_WHAT TO PRODUCE_
Only one span is wanted from the lines below: from the one with "Thermosol - polyester" up to and including the one with "尿素既是一种非常重要的高氮化". Copy it exactly, without images.

_SOURCE MATERIAL_
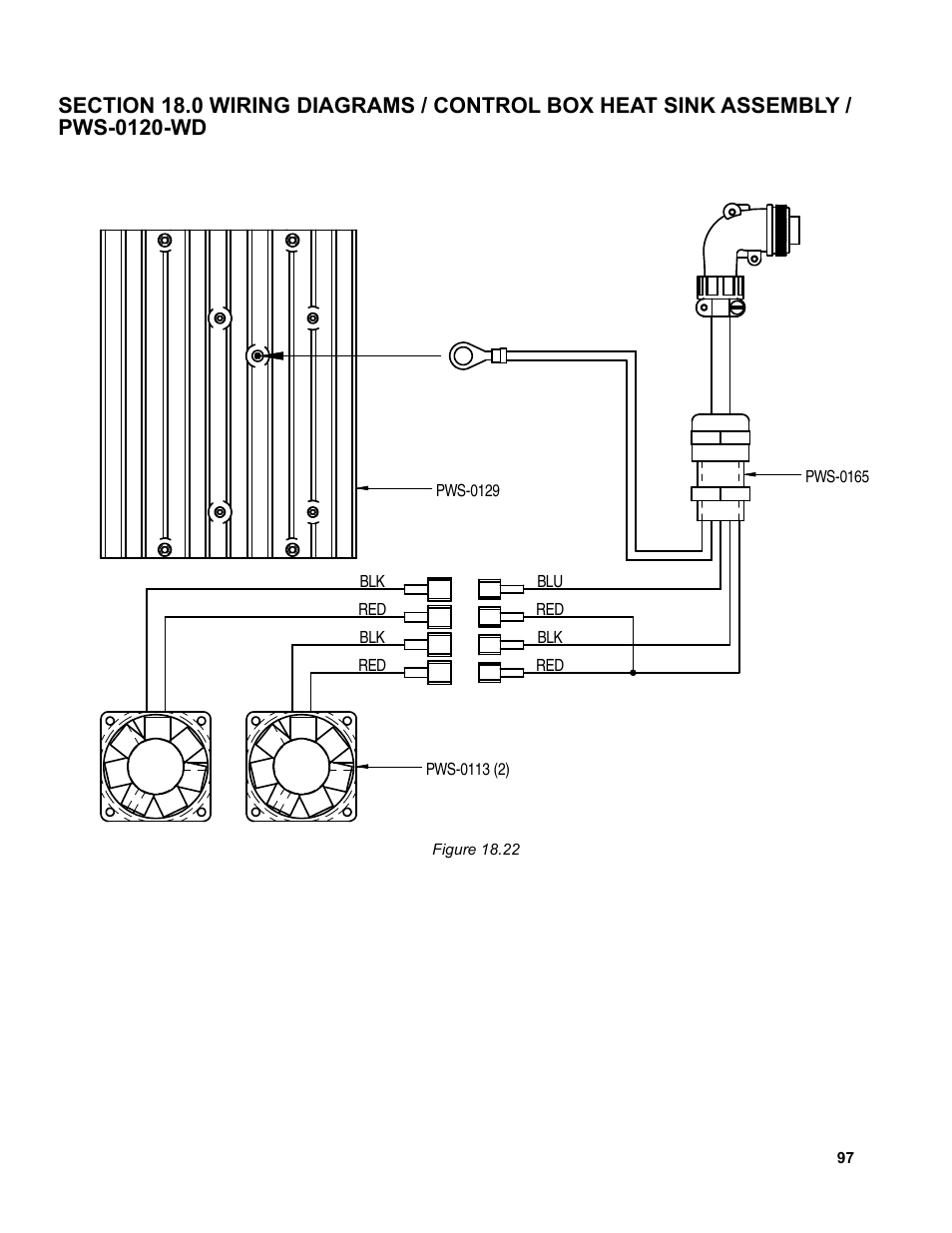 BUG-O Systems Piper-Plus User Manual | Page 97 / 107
* * *
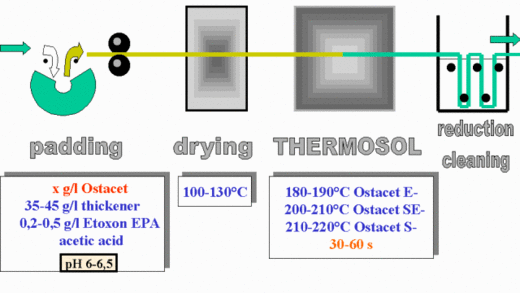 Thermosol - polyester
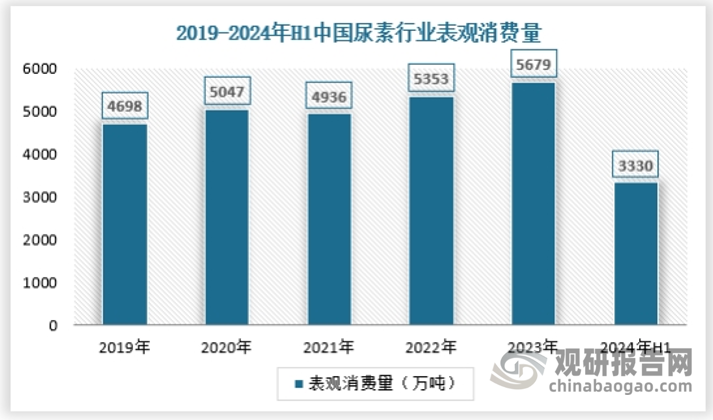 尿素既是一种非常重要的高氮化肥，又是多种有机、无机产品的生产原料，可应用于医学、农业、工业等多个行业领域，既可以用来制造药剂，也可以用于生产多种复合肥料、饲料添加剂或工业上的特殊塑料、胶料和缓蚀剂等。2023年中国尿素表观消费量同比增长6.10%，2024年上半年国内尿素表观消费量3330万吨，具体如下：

_YOUR SOLUTION_
 Thermosol - polyester
 尿素既是一种非常重要的高氮化肥，又是多种有机、无机产品的生产原料，可应用于医学、农业、工业等多个行业领域，既可以用来制造药剂，也可以用于生产多种复合肥料、饲料添加剂或工业上的特殊塑料、胶料和缓蚀剂等。2023年中国尿素表观消费量同比增长6.10%，2024年上半年国内尿素表观消费量3330万吨，具体如下：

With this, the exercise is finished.